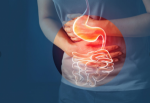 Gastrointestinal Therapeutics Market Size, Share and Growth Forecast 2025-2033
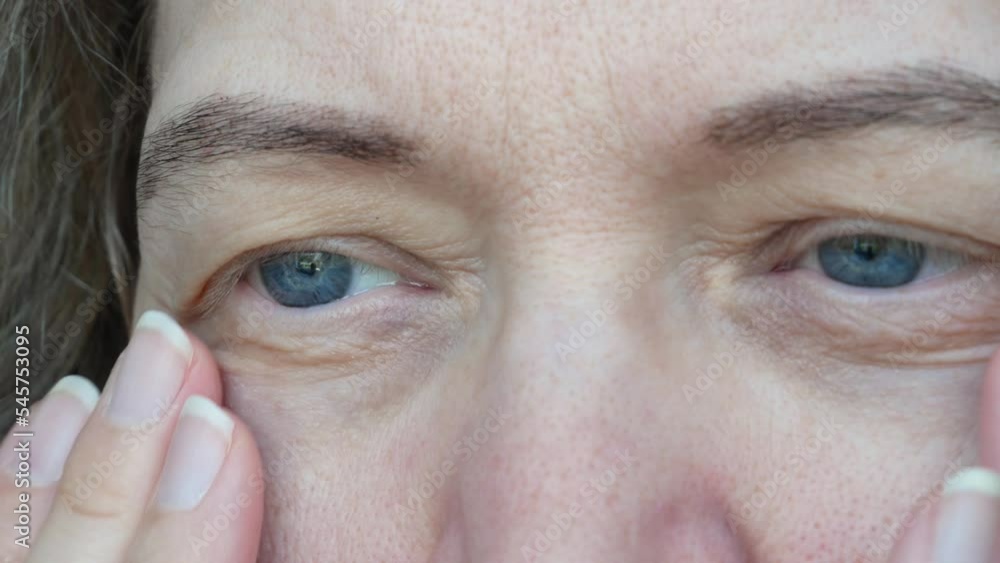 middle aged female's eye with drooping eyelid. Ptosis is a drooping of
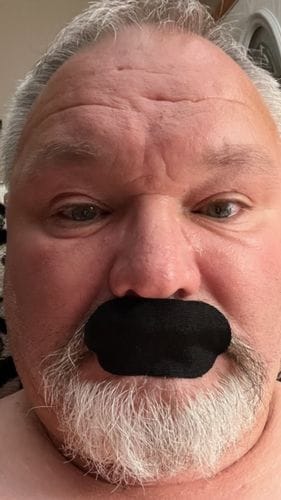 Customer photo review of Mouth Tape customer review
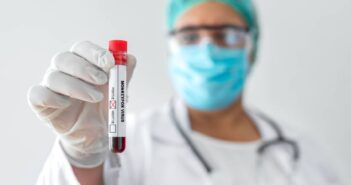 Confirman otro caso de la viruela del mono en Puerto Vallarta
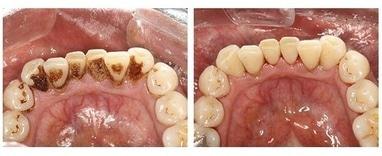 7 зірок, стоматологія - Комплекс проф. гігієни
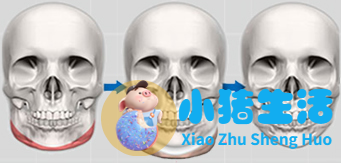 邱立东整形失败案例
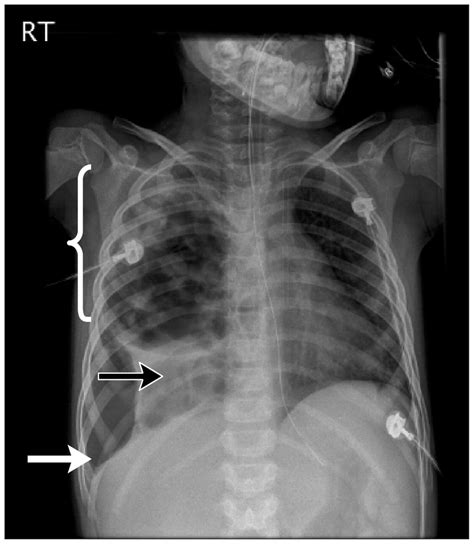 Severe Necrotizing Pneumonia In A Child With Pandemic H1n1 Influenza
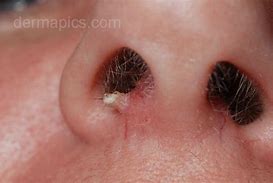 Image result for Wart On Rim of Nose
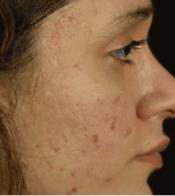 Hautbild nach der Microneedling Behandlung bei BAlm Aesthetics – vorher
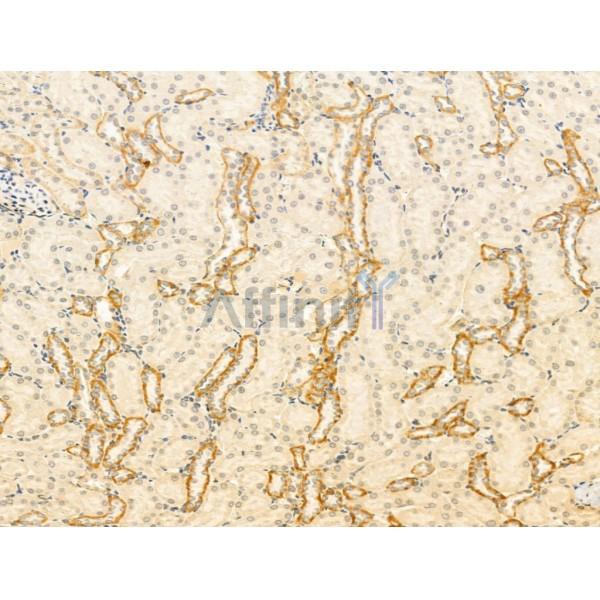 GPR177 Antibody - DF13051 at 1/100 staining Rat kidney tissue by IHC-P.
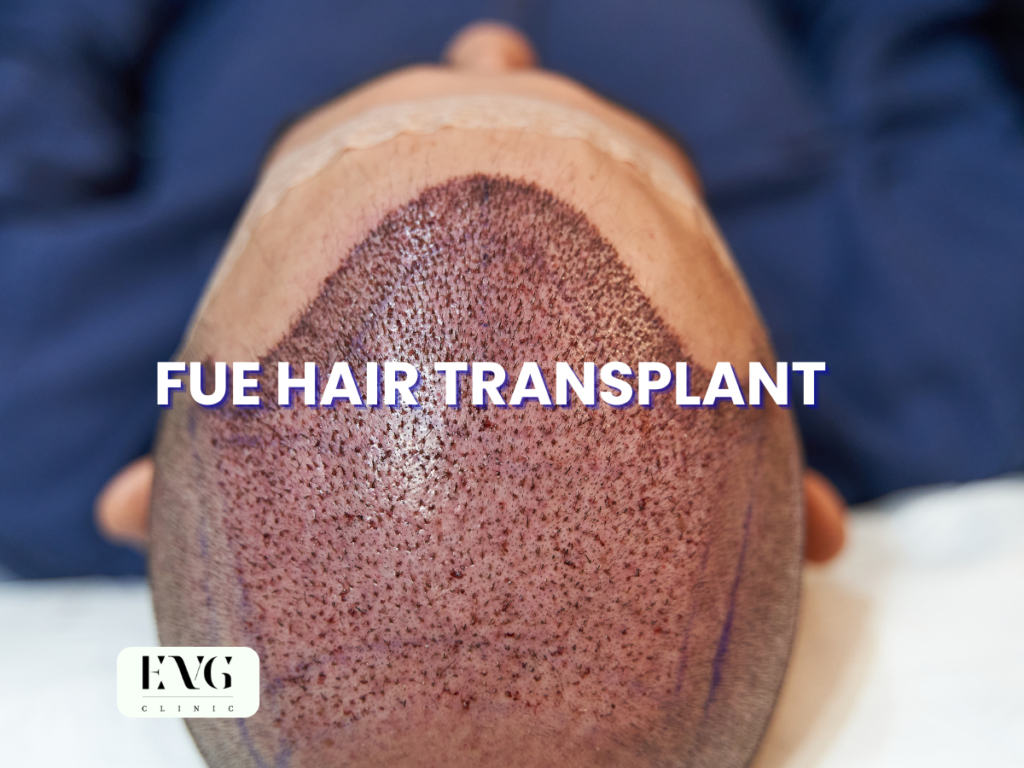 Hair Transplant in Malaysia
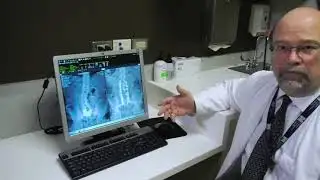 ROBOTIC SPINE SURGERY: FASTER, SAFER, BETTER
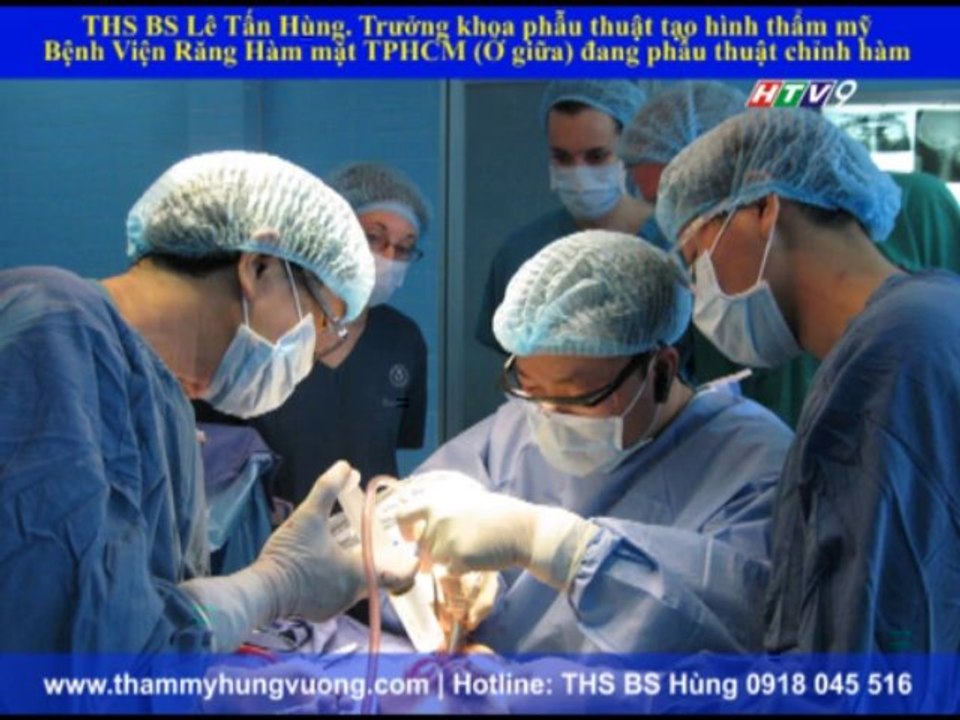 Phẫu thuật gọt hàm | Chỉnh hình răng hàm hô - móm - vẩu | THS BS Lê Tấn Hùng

┄┄┄┄┄┄┄┄┄┄

> [What is needed]:
Give back all the material exactly, with no pictures.

> [Response]:
 Gastrointestinal Therapeutics Market Size, Share and Growth Forecast 2025-2033
 middle aged female's eye with drooping eyelid. Ptosis is a drooping of
 Customer photo review of Mouth Tape customer review
 Confirman otro caso de la viruela del mono en Puerto Vallarta
 7 зірок, стоматологія - Комплекс проф. гігієни
 邱立东整形失败案例
 Severe Necrotizing Pneumonia In A Child With Pandemic H1n1 Influenza
 Image result for Wart On Rim of Nose
 Hautbild nach der Microneedling Behandlung bei BAlm Aesthetics – vorher
 GPR177 Antibody - DF13051 at 1/100 staining Rat kidney tissue by IHC-P.
 Hair Transplant in Malaysia
 ROBOTIC SPINE SURGERY: FASTER, SAFER, BETTER
 Phẫu thuật gọt hàm | Chỉnh hình răng hàm hô - móm - vẩu | THS BS Lê Tấn Hùng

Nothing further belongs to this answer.